What Hayami's detractors really want is a dramatic ramping up of the money supply, committing the BOJ to an inflation target of 3% to 5% and the underwriting of fresh Japanese government bonds. Reason: Japan's problem is collapsing prices, not rising ones, they say. And with a U.S. slowdown hitting Japanese exporters hard and business investment drying up, it is time to think the once unthinkable and court inflation to get consumers back into the business of consuming.
Hayami is dead-set against this policy. He argues that the price deflation over the past two years isn't necessarily a bad thing. It may reflect the dismantling of Japan's high-cost economy as new forms of distribution such as 100-yen discount shops, cheap textile imports from China, and lower air fares take root.
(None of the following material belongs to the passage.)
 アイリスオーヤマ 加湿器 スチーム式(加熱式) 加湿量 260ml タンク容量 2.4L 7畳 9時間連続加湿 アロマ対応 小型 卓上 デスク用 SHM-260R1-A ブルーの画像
Lower prices raise the living standards of Japan's long-abused consumers.
Hayami worries that if Mori's Liberal Democratic Party-run government gets more money courtesy of the BOJ, it will steer to its pals in Japan's construction industry. That won't help the wider economy much. Of course, Hayami and his team have to be extra vigilant in the months ahead to prevent another financial crisis. But monetary policy should not be hijacked by politicians who resist the kind of economic--and political--pain that serious restructuring brings.